WORK REQUEST:
Write out every entry exactly as it appears, omitting the pictures.

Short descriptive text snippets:
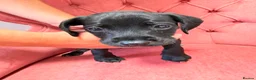 Mixed Breed dogs for sale: King Charles cavalier x paterdale in Accrington - Advert 5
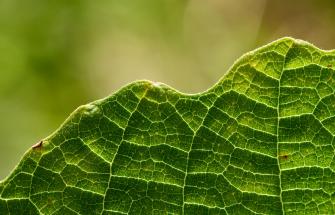 Leaf, Close-up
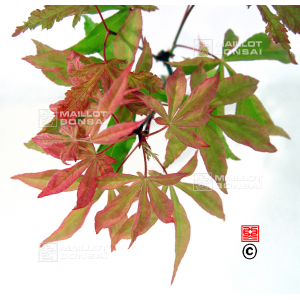 graines d'acer palmatum kinpai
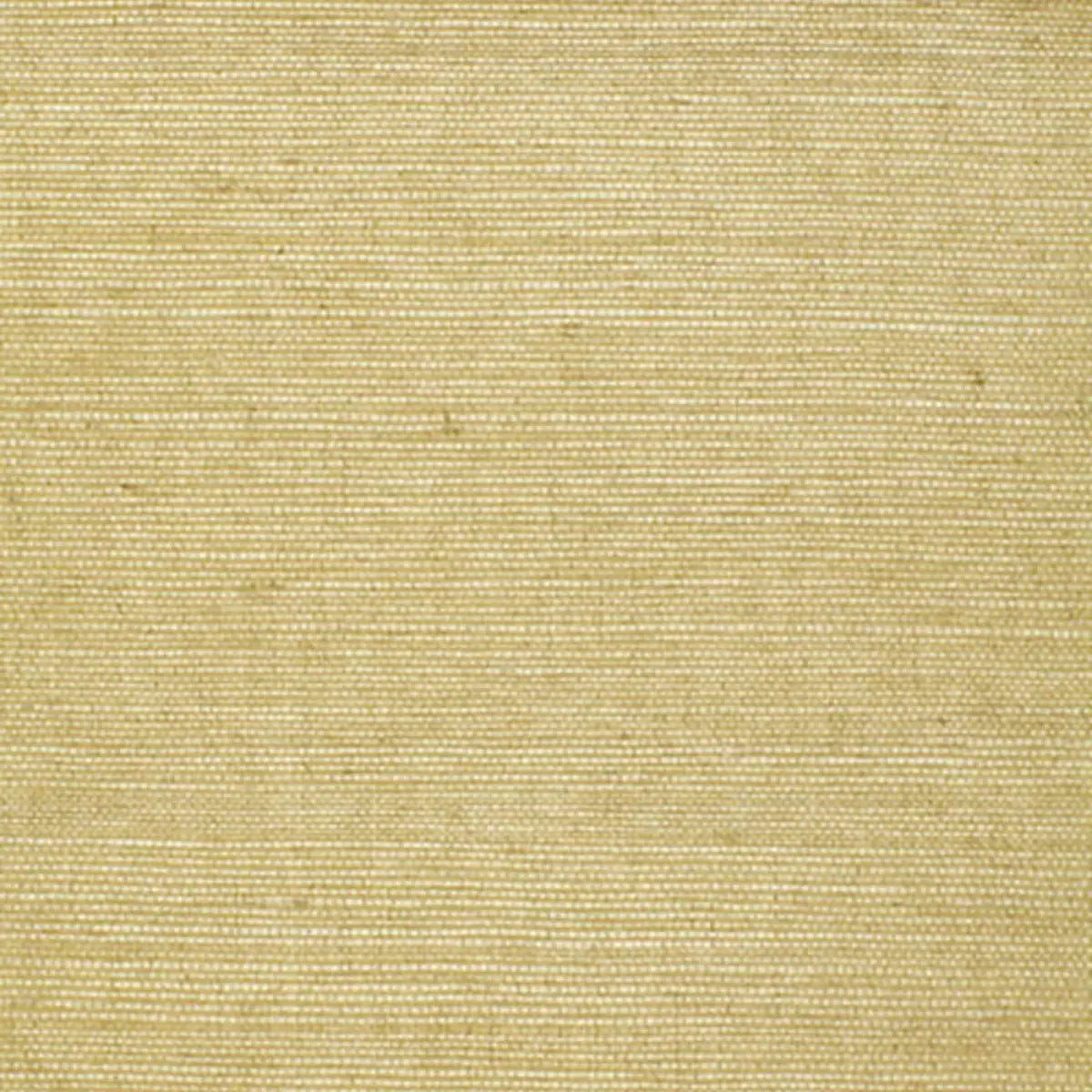 Schumacher Celery / 8 yards Haruki Sisal Wallpaper 5004708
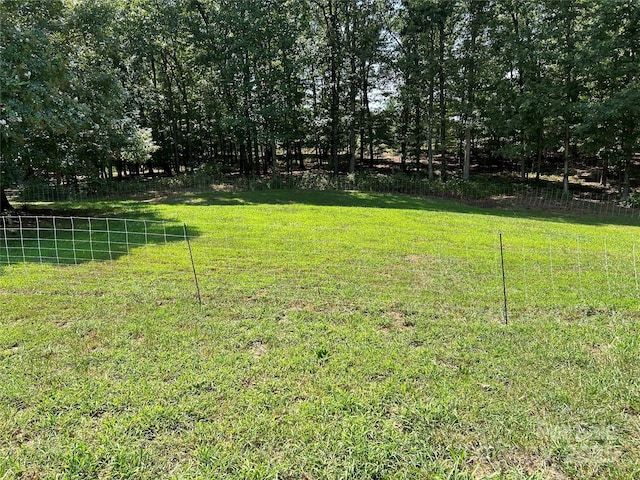 207 Wagon Ln, Rutherfordton, NC 28139 - view of yard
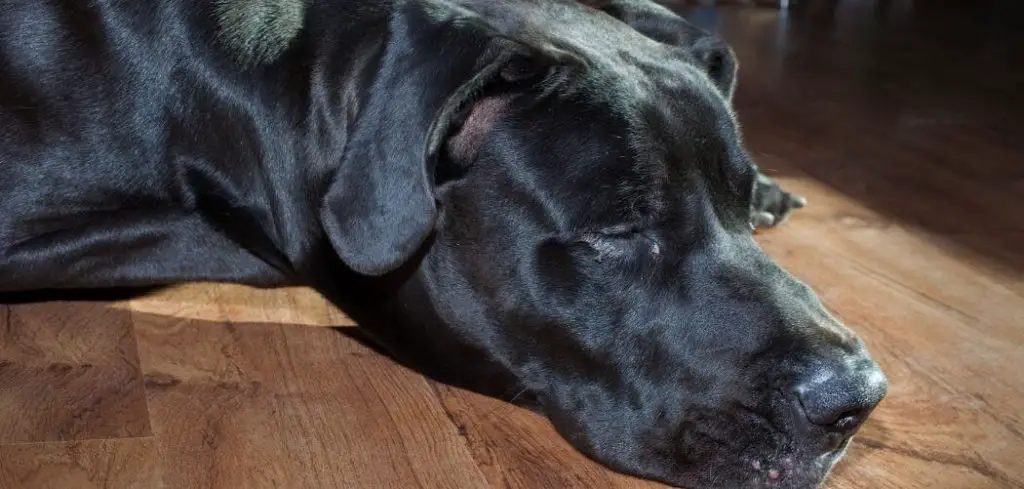 Dog Not Eating and Snoring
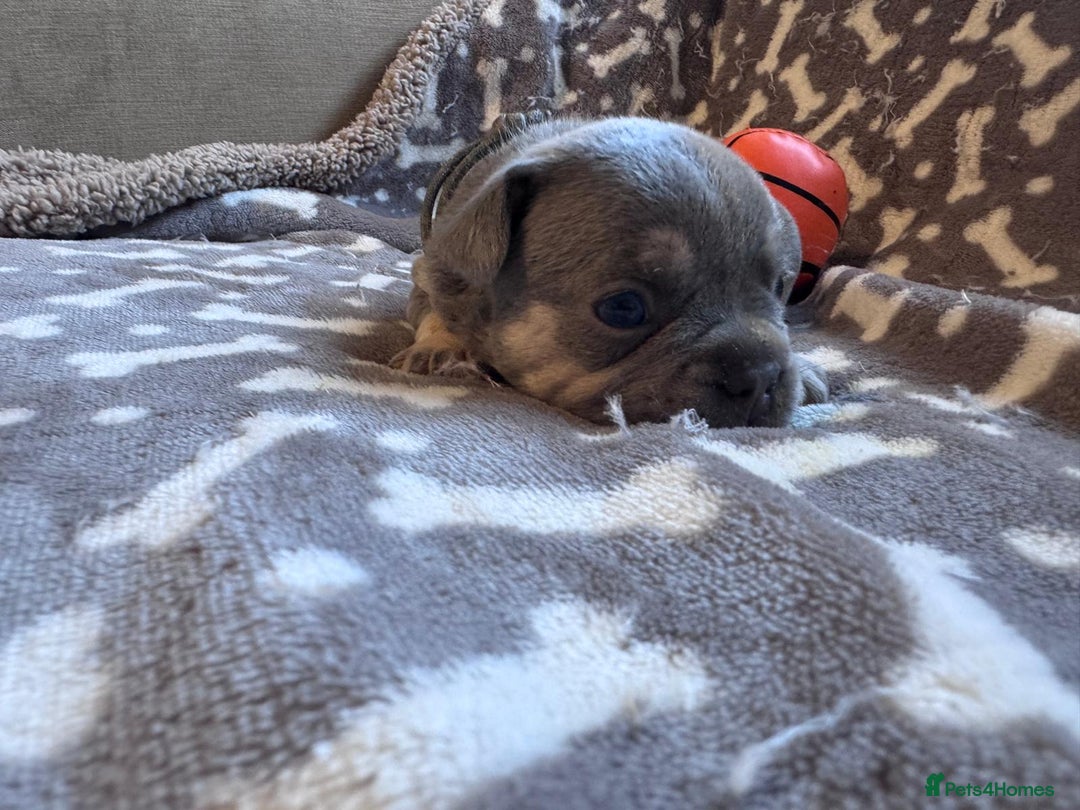 French Bulldog dogs for sale: Adorable French bulldog puppies!!🐶  - Image 12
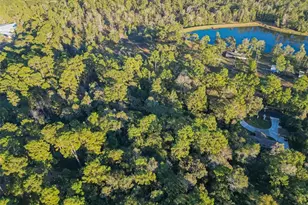 Tbd Lake Mount Pleasant Rd, Montgomery, TX 77356 - Photo 18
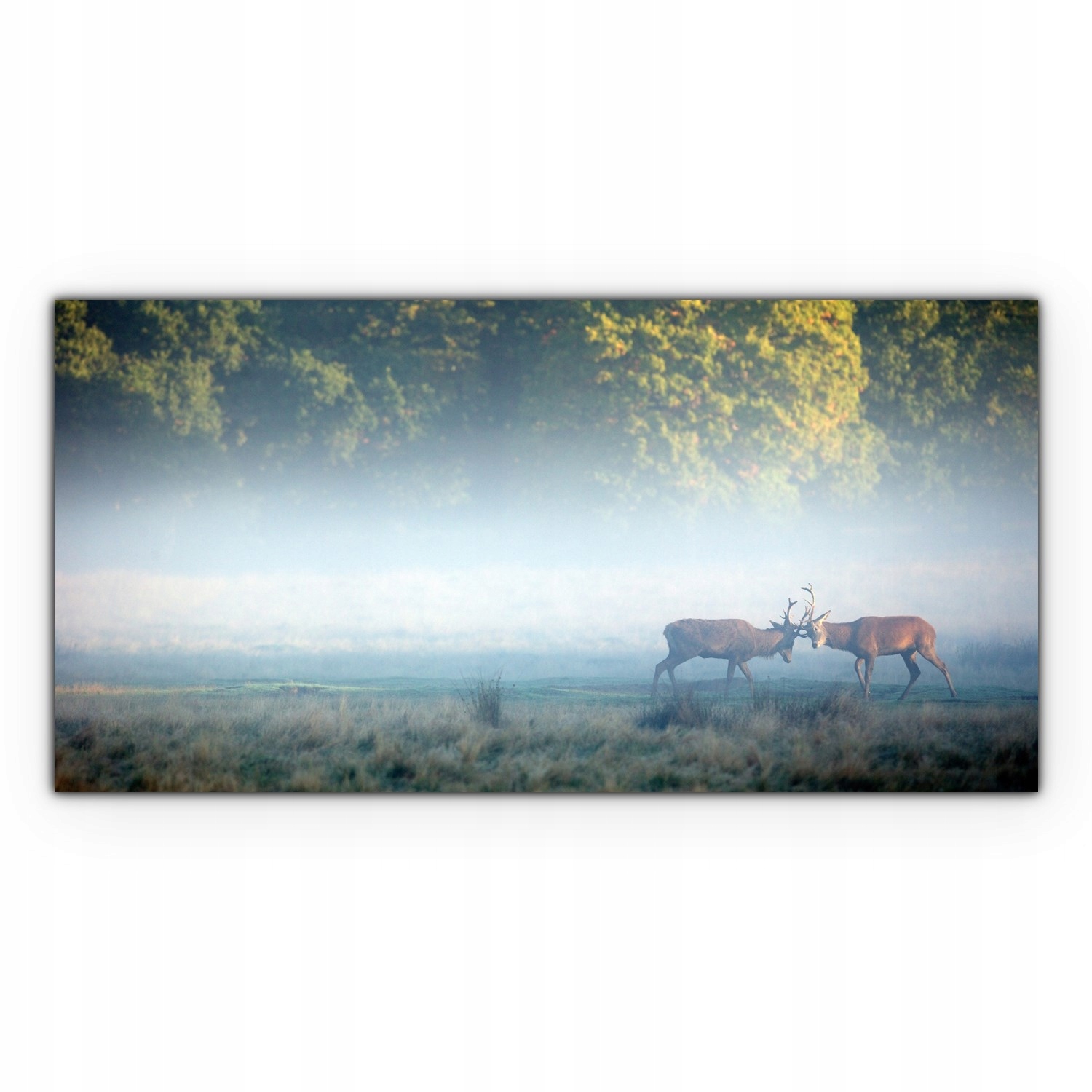 

Obraz płótno z foto 100x50 Jeleń Natura Zwierzęta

WORKED SOLUTION:
 Mixed Breed dogs for sale: King Charles cavalier x paterdale in Accrington - Advert 5
 Leaf, Close-up
 graines d'acer palmatum kinpai
 Schumacher Celery / 8 yards Haruki Sisal Wallpaper 5004708
 207 Wagon Ln, Rutherfordton, NC 28139 - view of yard
 Dog Not Eating and Snoring
 French Bulldog dogs for sale: Adorable French bulldog puppies!!🐶  - Image 12
 Tbd Lake Mount Pleasant Rd, Montgomery, TX 77356 - Photo 18

Obraz płótno z foto 100x50 Jeleń Natura Zwierzęta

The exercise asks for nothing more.